1. A monitoring method comprising:

determining, by an on board unit (OBU) of a train, that a trip or shift has ended; initiating, by the OBU, a train log-off procedure;

monitoring, by the OBU, for at least one alert condition during performance of the log-off procedure, the at least one alert condition comprising a condition wherein

unauthorized train movement is possible;

in response to detecting the at least one alert condition, reporting, by the OBU, the at least one alert condition and disabling the train log-off procedure until the OBU determines that the at least one alert condition is resolved; and

in response to failing to detect the at least one alert condition and/or in response to determining that the at least one alert condition is resolved, completing, by the OBU, the train log-off procedure.

2. The monitoring method of claim 1, wherein the at least one alert condition comprises an inadequate air pressure in at least one air braking system.

3. The monitoring method of claim 2, wherein the monitoring comprises monitoring, by the OBU, at least one air pressure sensor.

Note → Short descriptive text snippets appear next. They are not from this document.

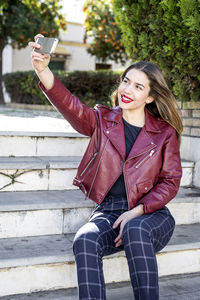 Cheerful young woman taking selfie while sitting on steps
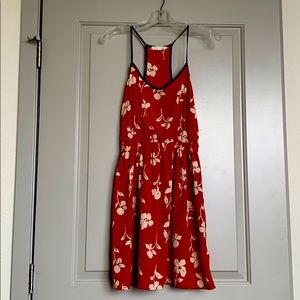 A lightweight burnt orange floral dress.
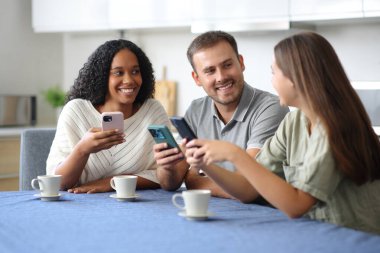 Üç ırklar arası arkadaş akıllı telefonlarını kontrol edip evde konuşuyorlar.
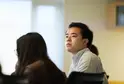 Patrick Yeung sits in a conference room with other students. He looks intently at something outside the frame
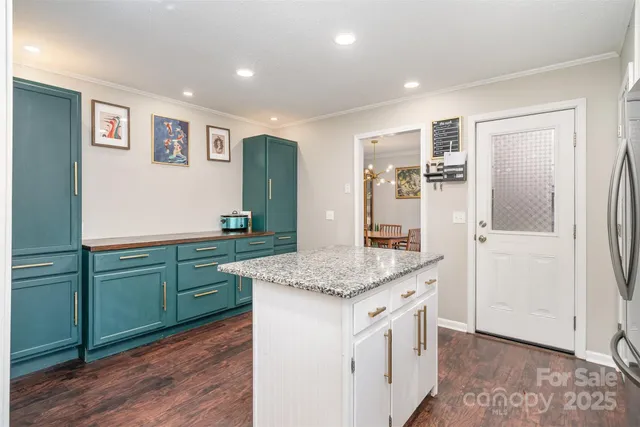 a hall with cabinets and wooden floor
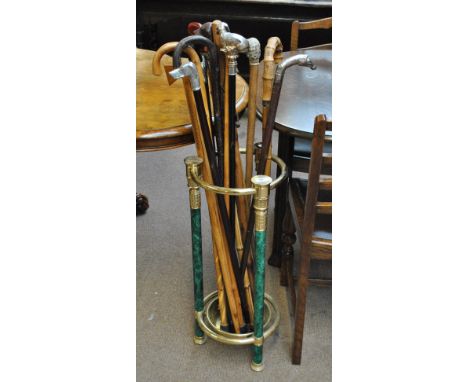 A simulated malachite and brass mounted circular stick stand containing a quantity of decorative modern walking sticks.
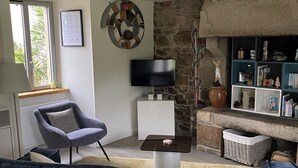 A modern living room with a grey sofa, a small armchair, a flat-screen TV, a stone wall, and a bookshelf. - Renovated house, seaside on the port of Ploumanac'h - Perros-Guirec (Perros-Guirec)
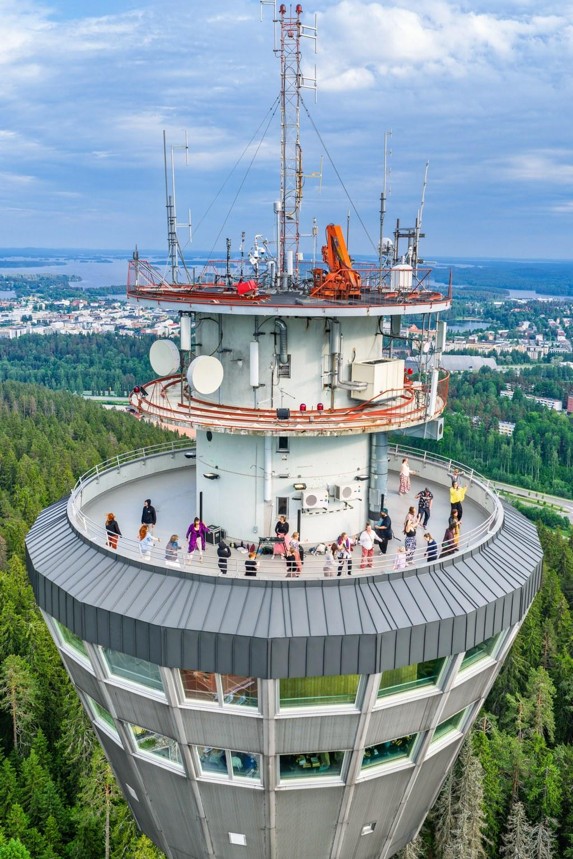 Metsän yläpuolella kohoaa korkea näkötorni, jonka huipulla on antenneja; pyöreällä näköalatasanteella kävelee ihmisiä, ja taustalla näkyy kaupunki osittain pilvisen taivaan alla.
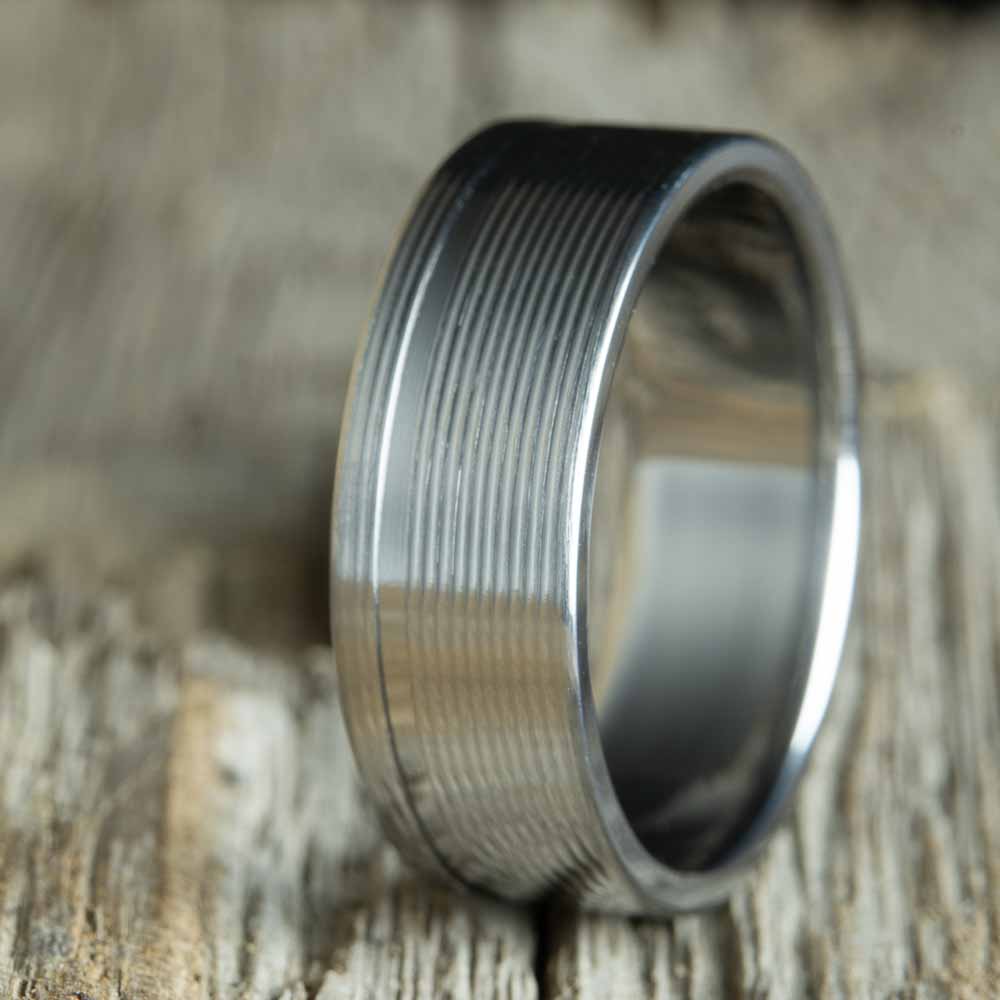 polished titanium wedding band handcrafted by Peacefield Titanium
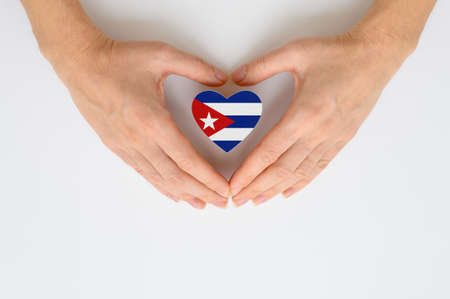 The national flag of Cuba in female hands. The concept of patriotism, respect and solidarity with the citizens of Cuba.の写真素材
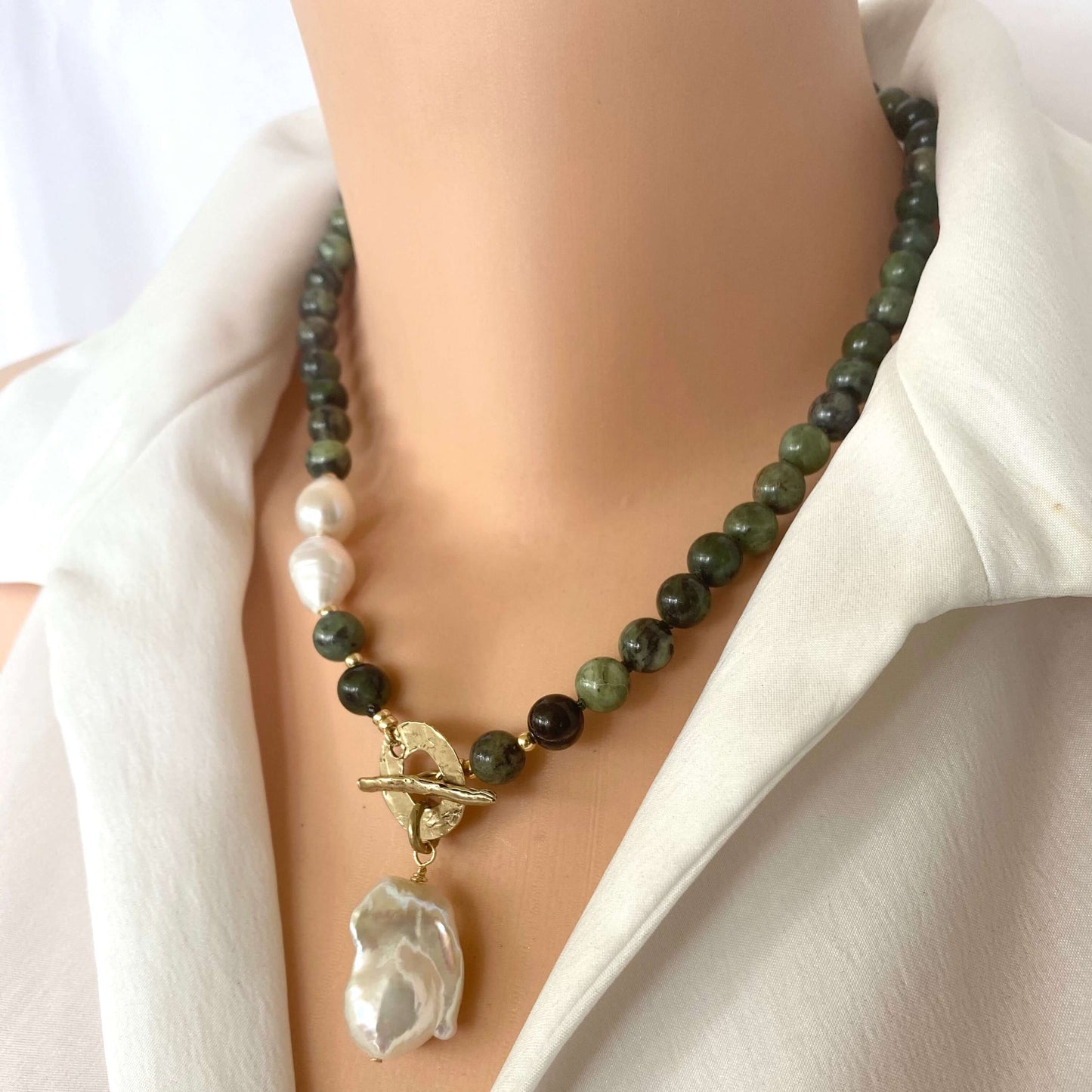 Necklace with green beads and a large white pearl pendant on a mannequin wearing a white shirt.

4. The monitoring method of claim 3, wherein the monitoring comprises periodically checking the at least one air pressure sensor.

5. The monitoring method of claim 1, wherein the at least one alert condition comprises an unset hand brake.

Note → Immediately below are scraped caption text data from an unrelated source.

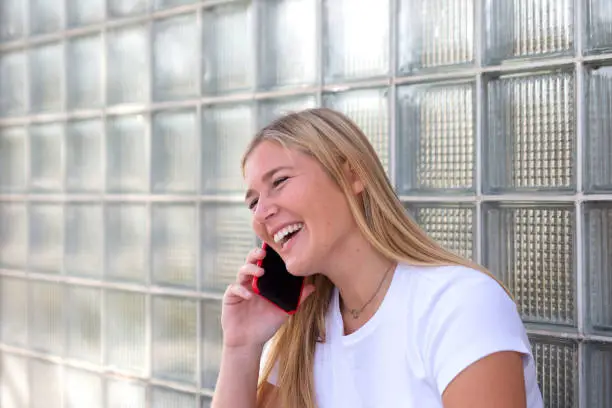 Blond woman holding a red mobile phone on her right hand while talking to someone
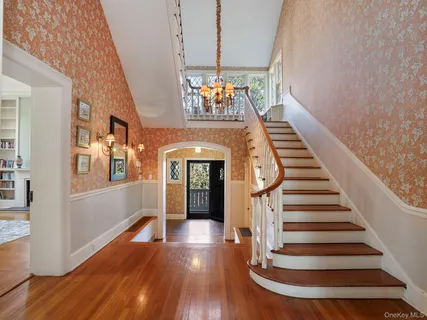 a view of a hallway with wooden floor and staircase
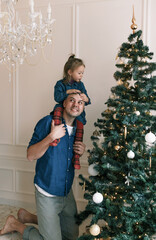 Wall Mural - a little daughter plays with her dad sitting on his shoulders while decorating a Christmas tree.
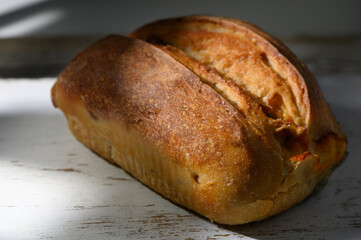 Freshly baked loaf of artisanal bread resting on rustic wooden table with soft natural light illuminating its crusty surface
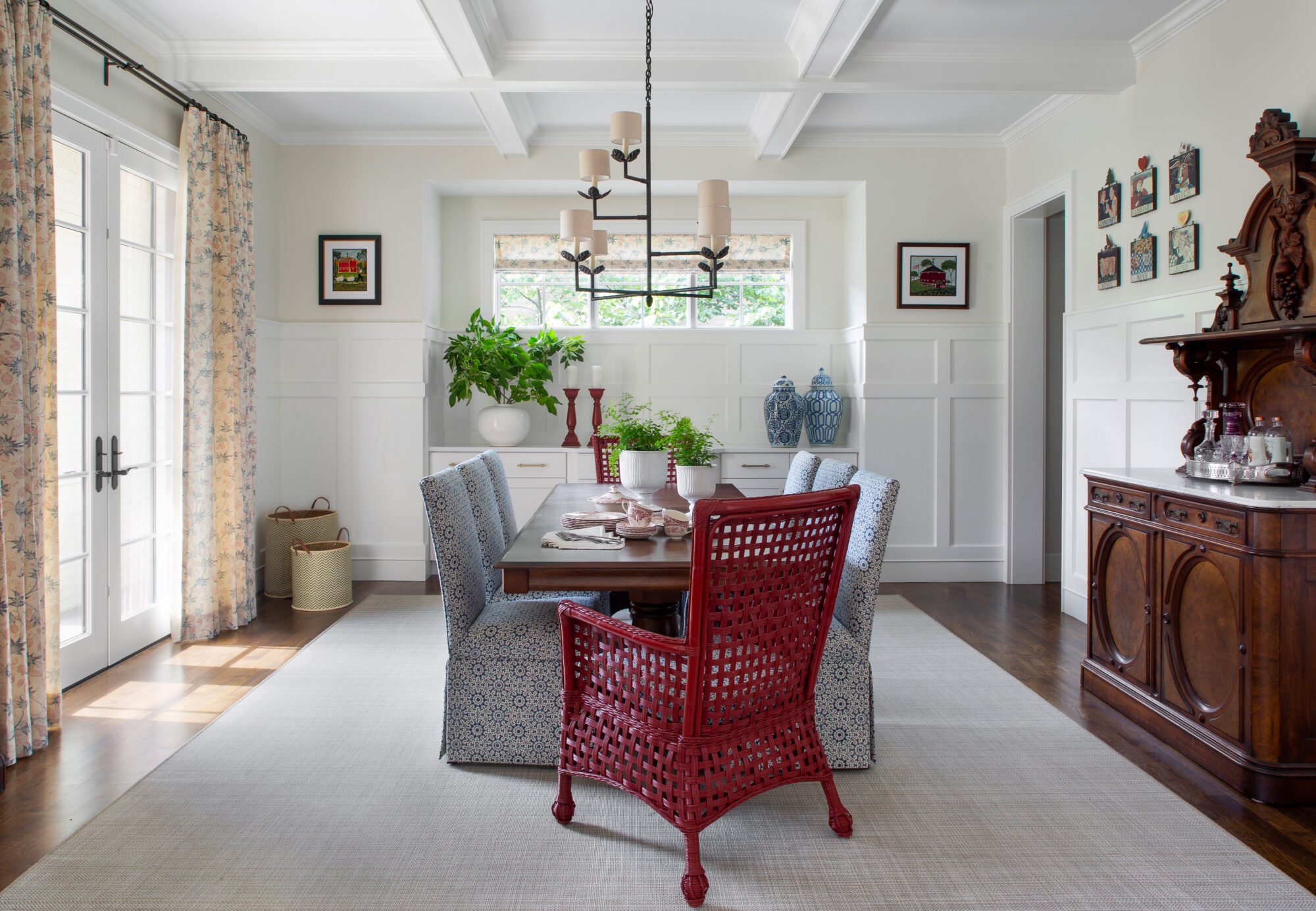 A dining room has a long table with blue dining chairs and red wicker captain chairs.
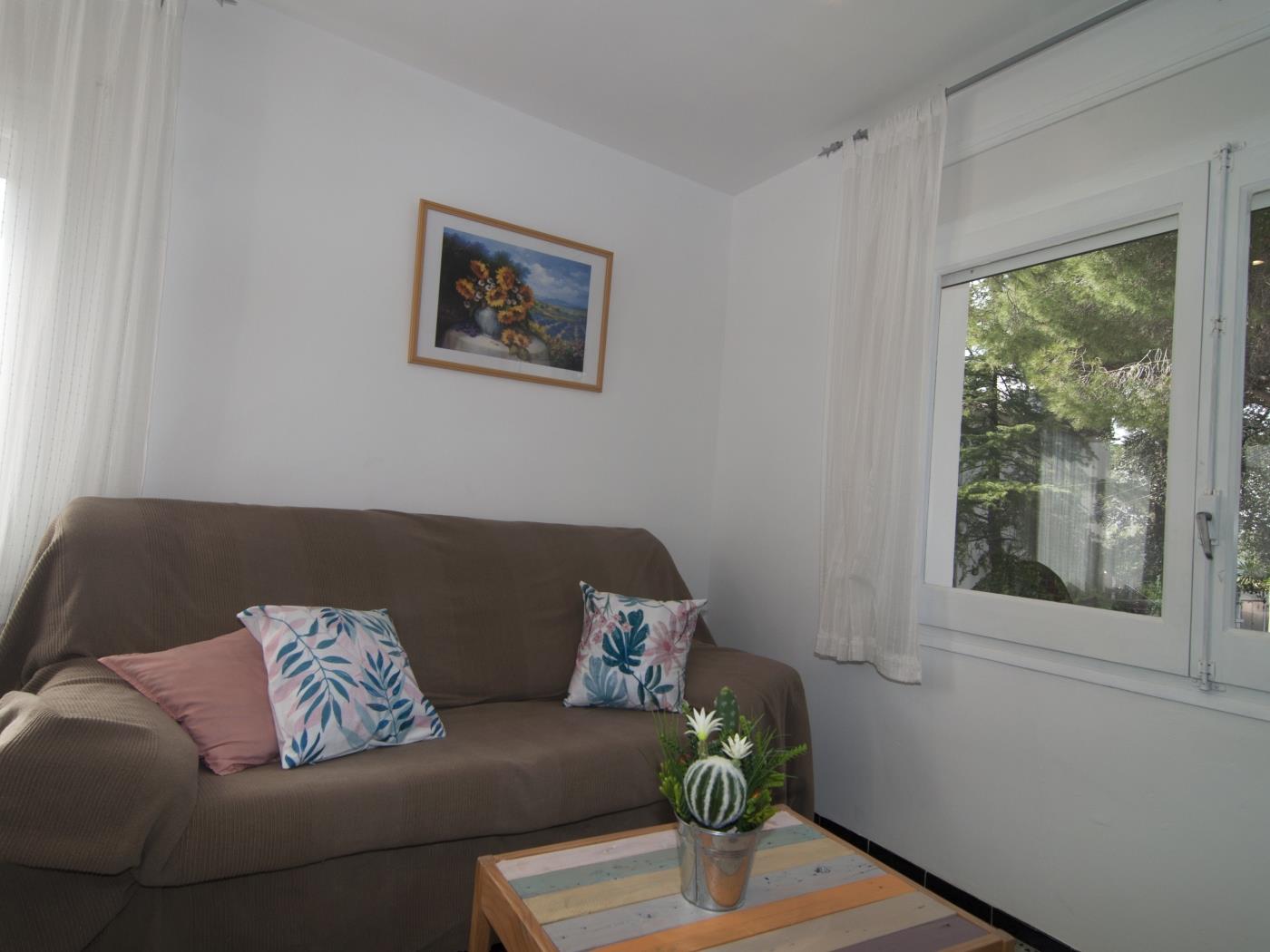 Confortable appartement avec grand jardin et barbecue à l'Escala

6. The monitoring method of claim 5, wherein the monitoring comprises determining, by the OBU, whether at least one hand brake is set.

7. The monitoring method of claim 5, further comprising in response to detecting the at least one alert condition, controlling, by the OBU, at least one air braking system to maintain air pressure.

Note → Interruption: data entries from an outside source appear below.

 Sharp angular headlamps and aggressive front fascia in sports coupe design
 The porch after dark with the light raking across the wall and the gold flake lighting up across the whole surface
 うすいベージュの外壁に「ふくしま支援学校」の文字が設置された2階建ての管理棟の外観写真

8. The monitoring method of claim 5, wherein the reporting comprises instructing, by the OBU, a user to activate at least one alternate hand brake.

9. The monitoring method of claim 1, wherein completing the log-off procedure

comprises deactivating, by the OBU, at least one air braking system.

10. The monitoring method of claim 1, wherein the at least one alert condition comprises an inadequate charge in at least one battery.

11. The monitoring method of claim 1, further comprising reporting a status of the log-off procedure to a back office server.

12. A monitoring system comprising:

an on board unit (OBU) of a train configured to:

determine that a trip or shift has ended;

initiate a train log-off procedure;

monitor for at least one alert condition during performance of the log-off procedure, the at least one alert condition comprising a condition wherein

unauthorized train movement is possible;

in response to detecting the at least one alert condition, report the at least one alert condition and disable the train log-off procedure until the OBU determines that the at least one alert condition is resolved; and

in response to failing to detect the at least one alert condition and/or in response to determining that the at least one alert condition is resolved, complete the train log-off procedure.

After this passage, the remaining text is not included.